Activity:
Skip the pictures and retype exactly the lines from the one holding "Elegant bathroom with" through the end of the entries.

====== Data in this exercise ======

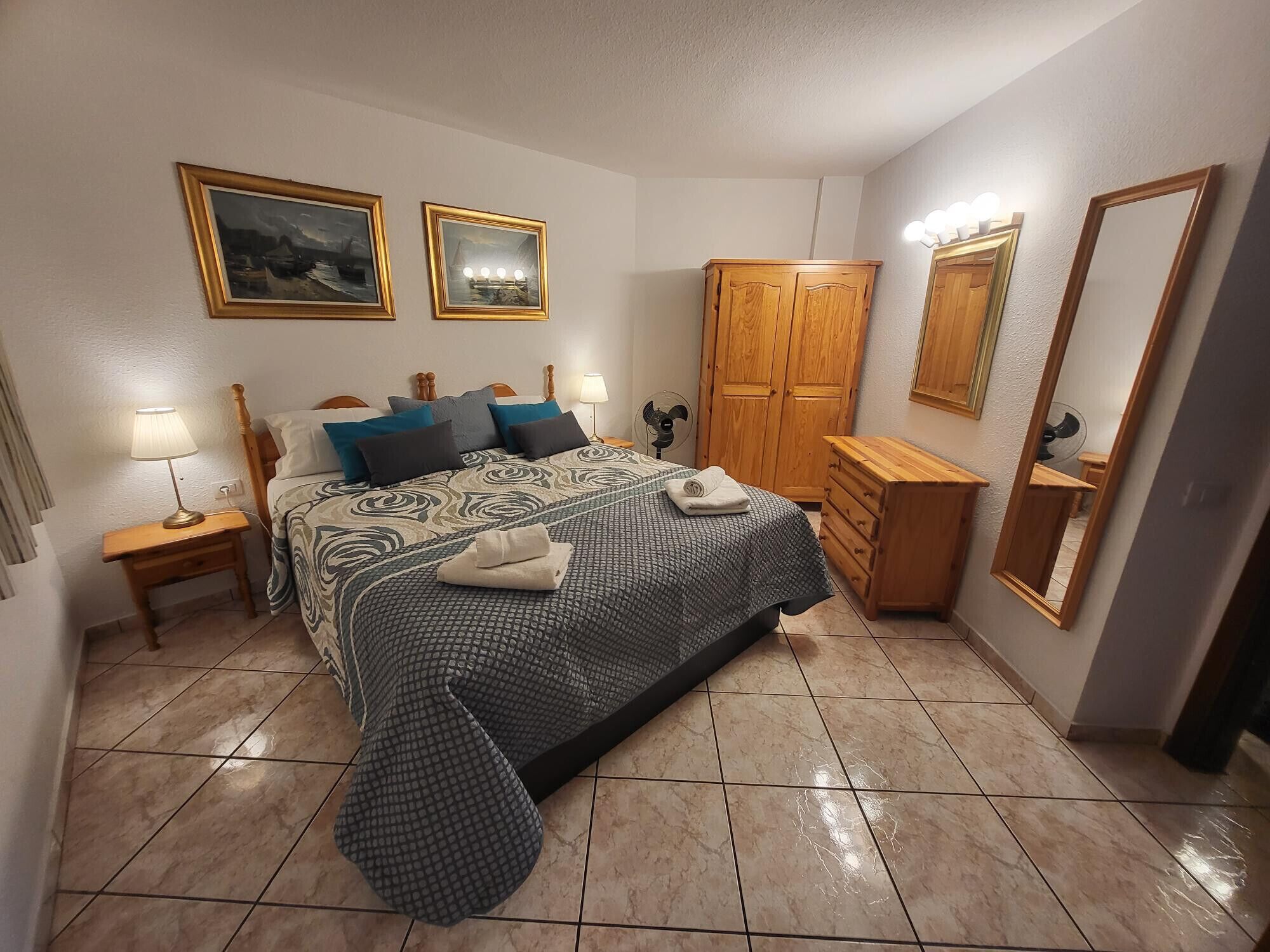 A bedroom with a bed, a wooden wardrobe, a bedside table with a lamp, a dresser, and a large mirror.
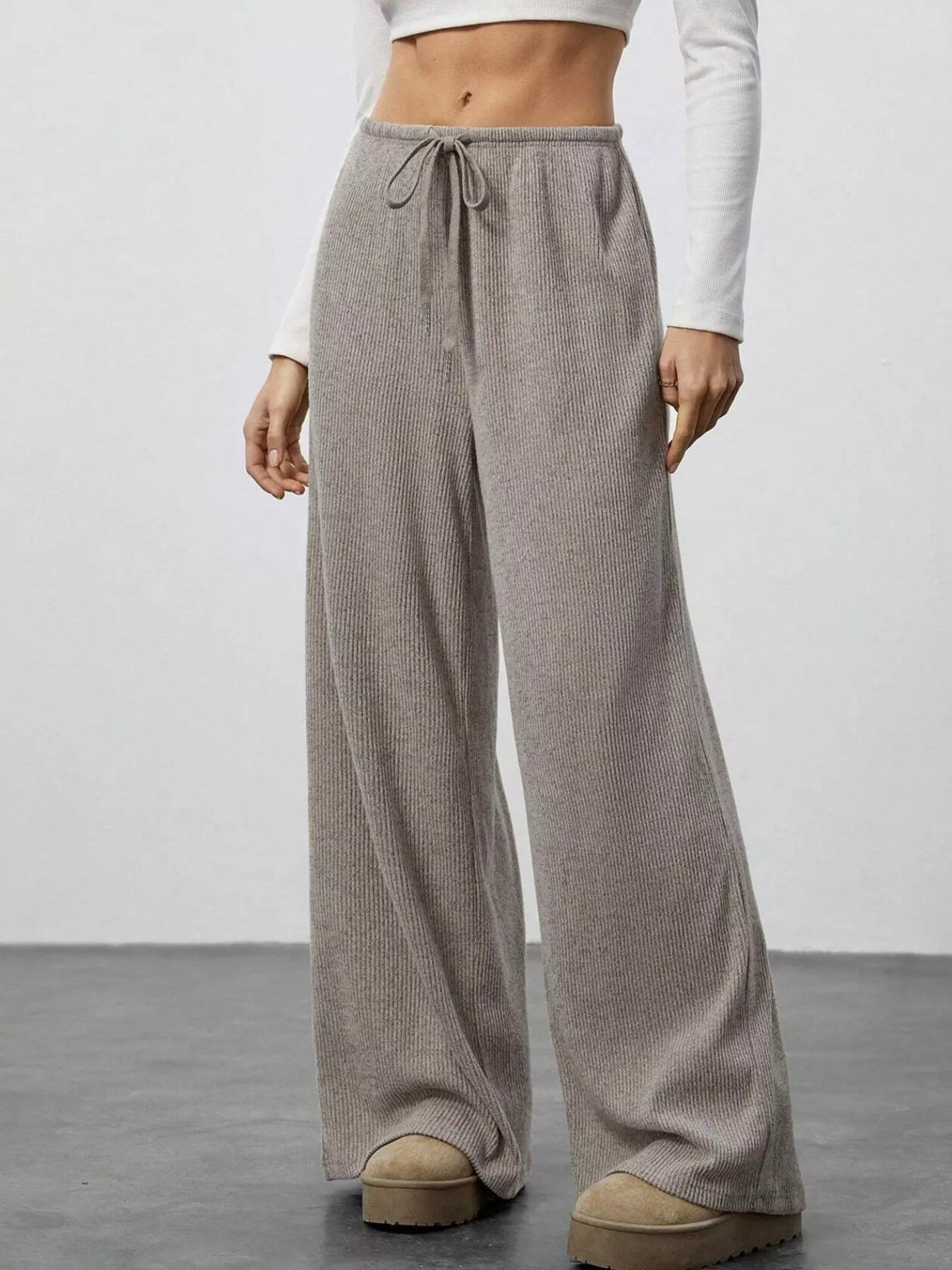 Person wearing beige wide-leg pants with a white top on a plain background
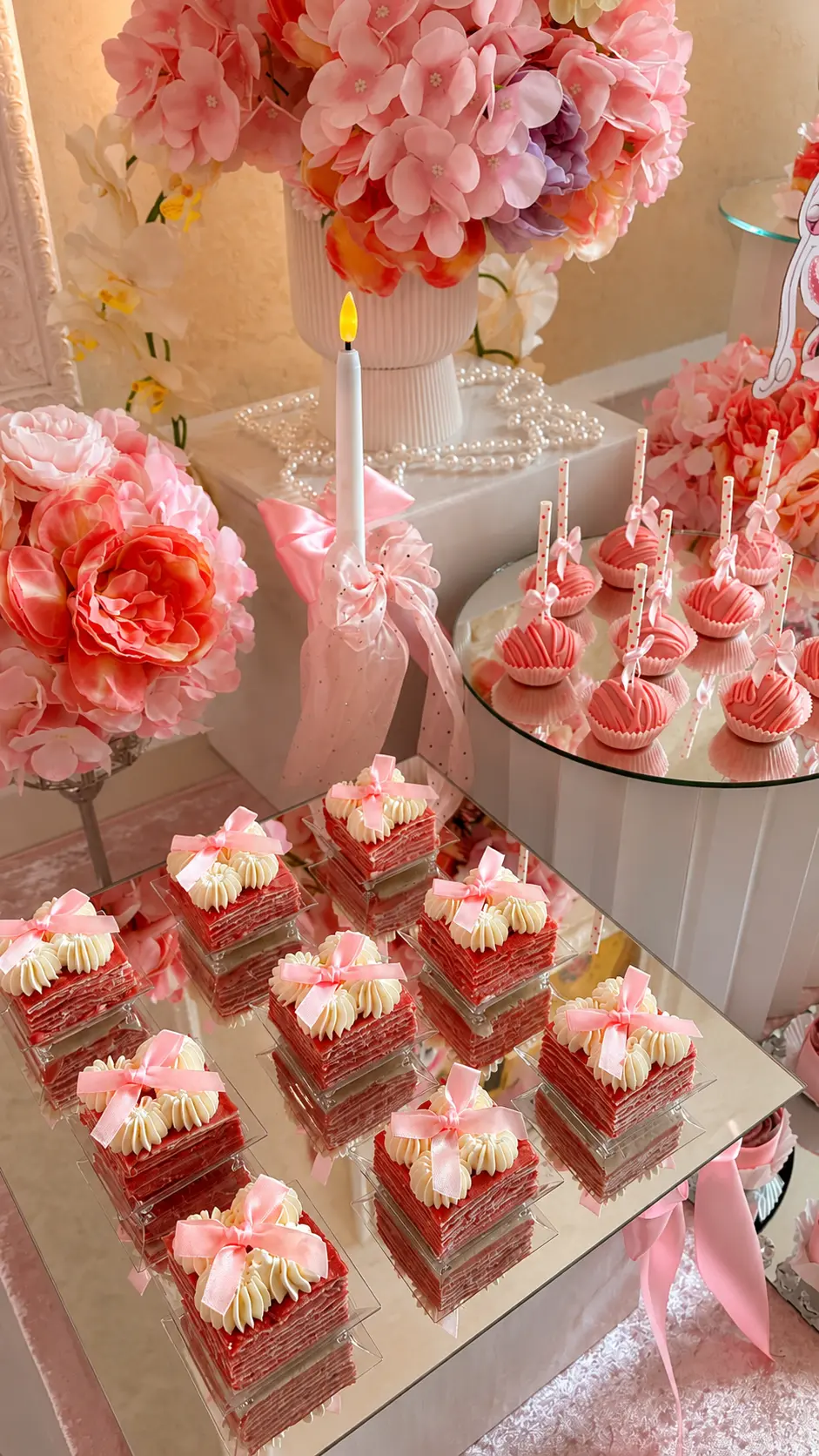 Rosa Desserttafel mit Satinschleifen, Red-Velvet-Schnitten, Cake-Pops und Blumenarrangements
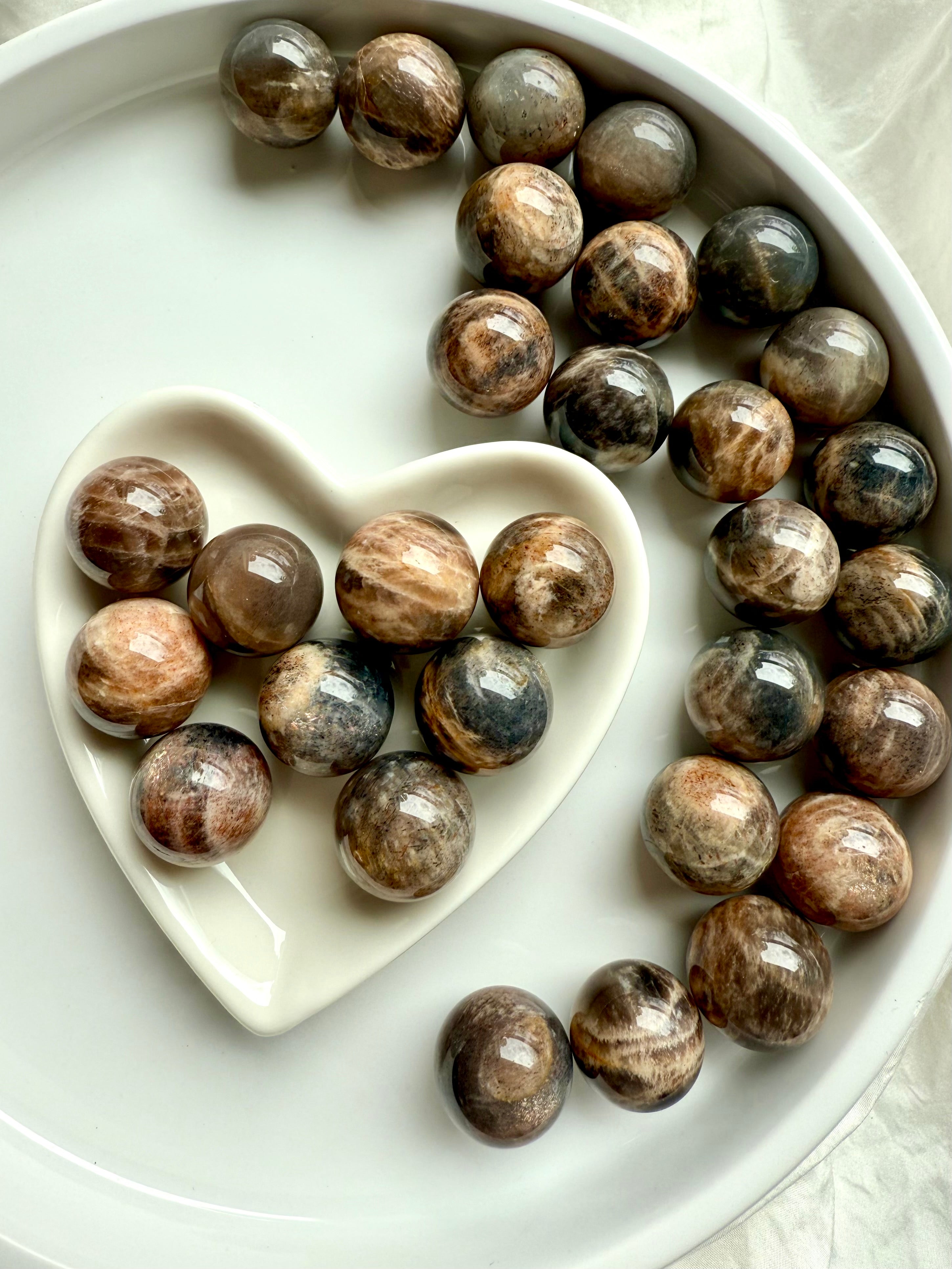 Grounding Mini Black Moonstone spheres with Sunstone shimmer in a white heart-shaped bowl for intuition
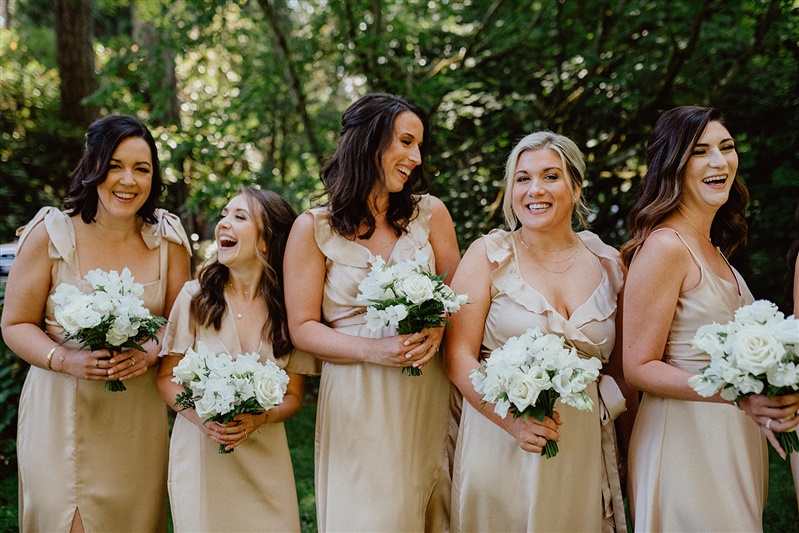 white bridesmaids bouquets and champagne dresses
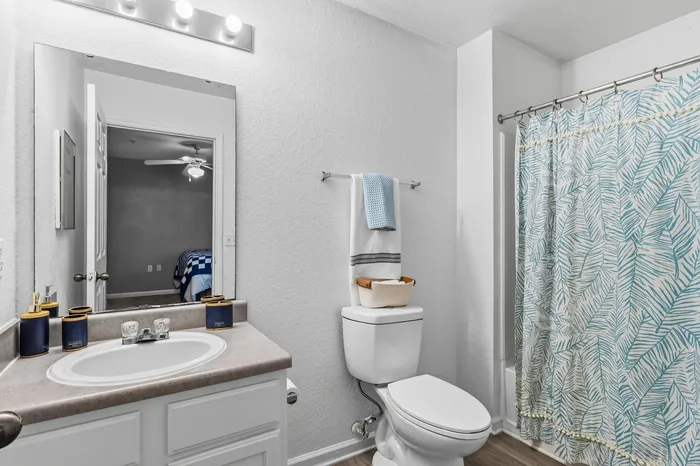 Elegant bathroom with a modern vanity, chic lighting, and tropical-themed shower curtain, featuring a serene view into a cozy bedroom.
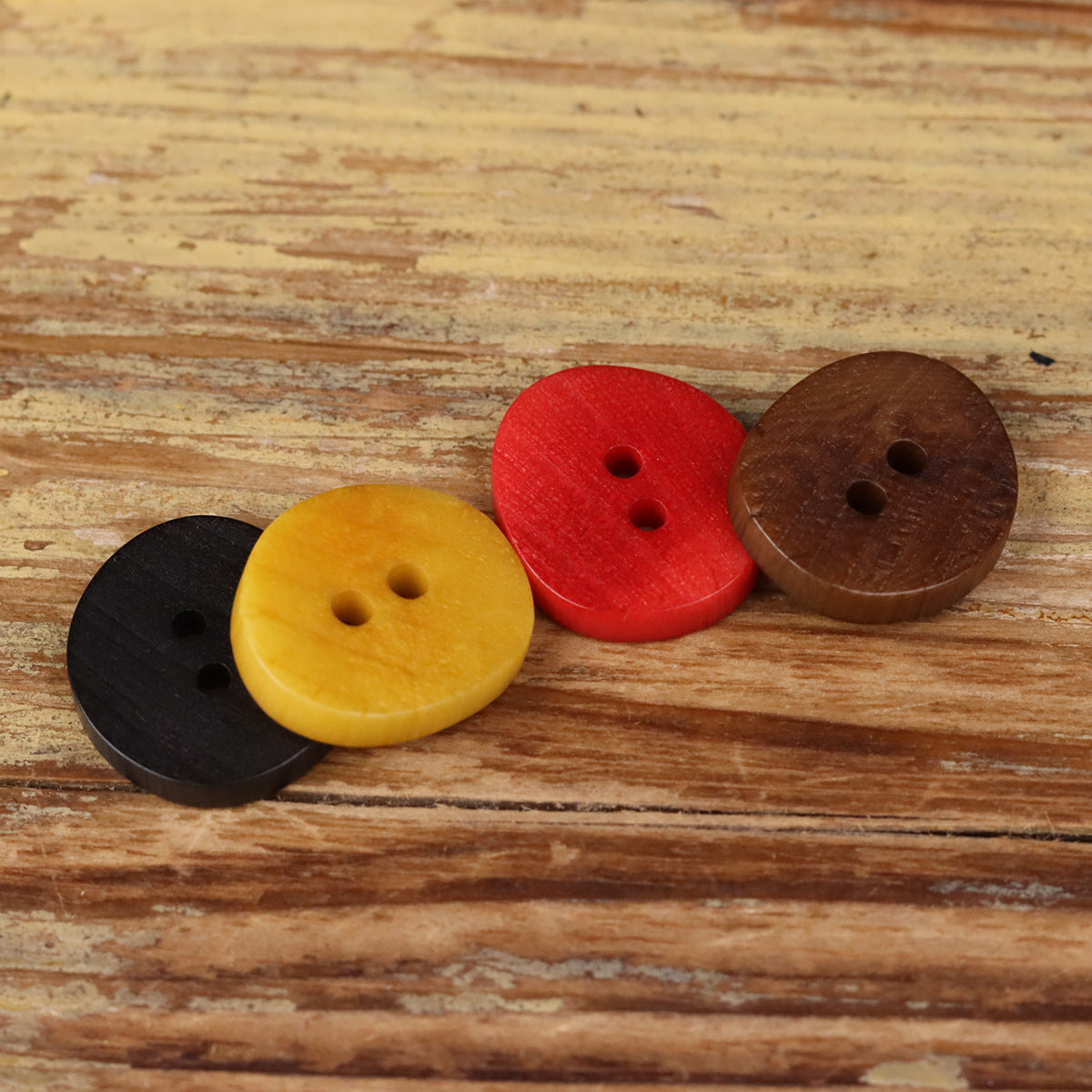 Set of natural 2-hole buttons in black, yellow, red, and brown, front view.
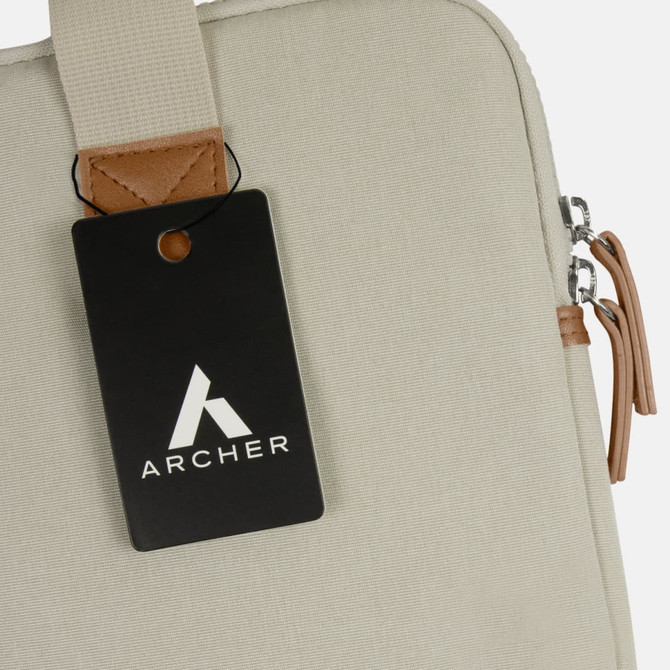 A cream laptop bag featuring a tan accent, with a hang tag displaying a logo.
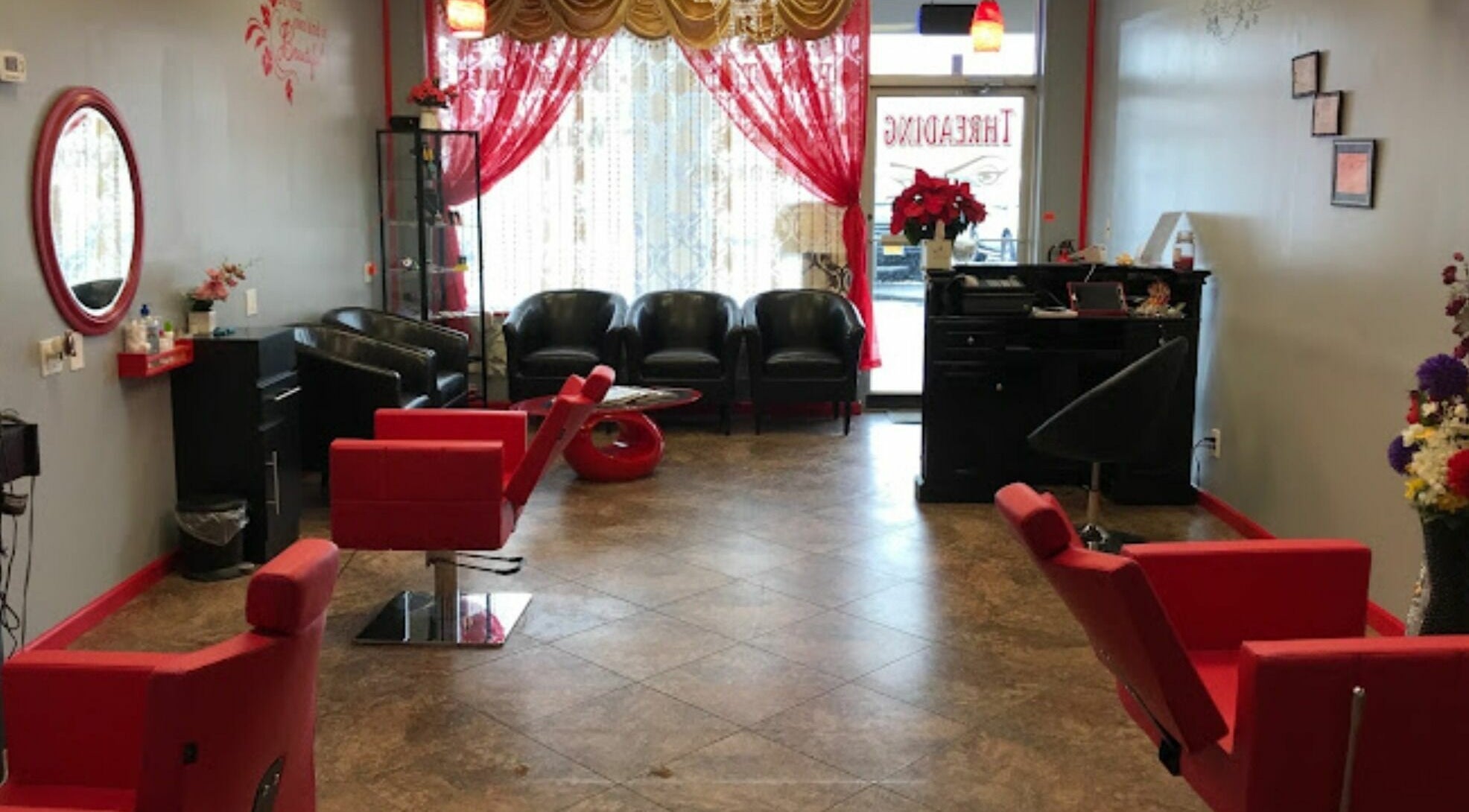 Cozy salon seating area at Makeover Planet in Poughkeepsie, New York, US with modern red accents.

======

Answer to the problem:
 Elegant bathroom with a modern vanity, chic lighting, and tropical-themed shower curtain, featuring a serene view into a cozy bedroom.
 Set of natural 2-hole buttons in black, yellow, red, and brown, front view.
 A cream laptop bag featuring a tan accent, with a hang tag displaying a logo.
 Cozy salon seating area at Makeover Planet in Poughkeepsie, New York, US with modern red accents.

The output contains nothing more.